The promise of the API looks attractive at first. Google says:
The University Research Program for Google Search is designed to give university faculty and their research teams high-volume programmatic access to Google Search.However, the limits on how the API can be used may be a problem. From the documentation:
Our aim is to help bootstrap web research ... [Using] Google's search technology, you'll no longer have to operate your own crawl and indexing systems.
Requests to the service MUST be throttled ... A time period of at least one second must be allowed between requests.This makes some interesting types of research impossible using this API, anything that would need to fire off multiple queries quickly.
For example, let's say I am working on a technique for query expansion, so I want results not only for the search given, but also for tens of other related searchers, which I will then combine.
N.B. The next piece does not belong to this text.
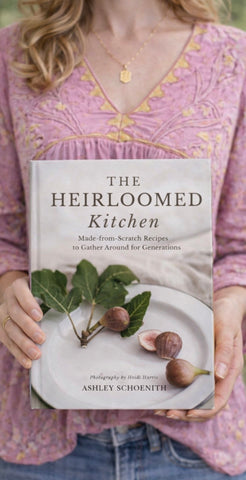 Heirloomed Kitchen
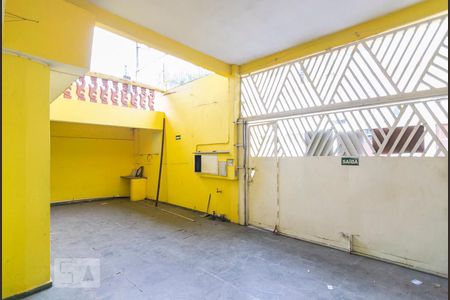 Garagem de casa para alugar com 2 quartos, 120m² em Jardim Alvorada, Santo André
With a one second delay between queries, my research prototype will take tens of seconds to respond, making it no longer interactive.
Nor can I try out some natural language analysis for question answering where I first get the results for the search given, then look at the results, then fire off dozens of additional queries to learn more about what I found in those results.
I cannot even do something that attempts to use conditional probabilities of finding two words together versus finding them apart on the Web as part of the analysis, since each of those requires two queries to the search engine and many of them might be required.
It is good that Google is making tools available to researchers, but they may have to go further than a throttled search API. As is, many researchers trying to work at large scale still will have to build their own crawls and indexes.
By the way, it is not entirely fair to pick on Google's search API here. Other search APIs -- including the Yahoo Search API, the Microsoft Live Search API, and the Alexa Web Search Platform -- either have a fee or similar throttling.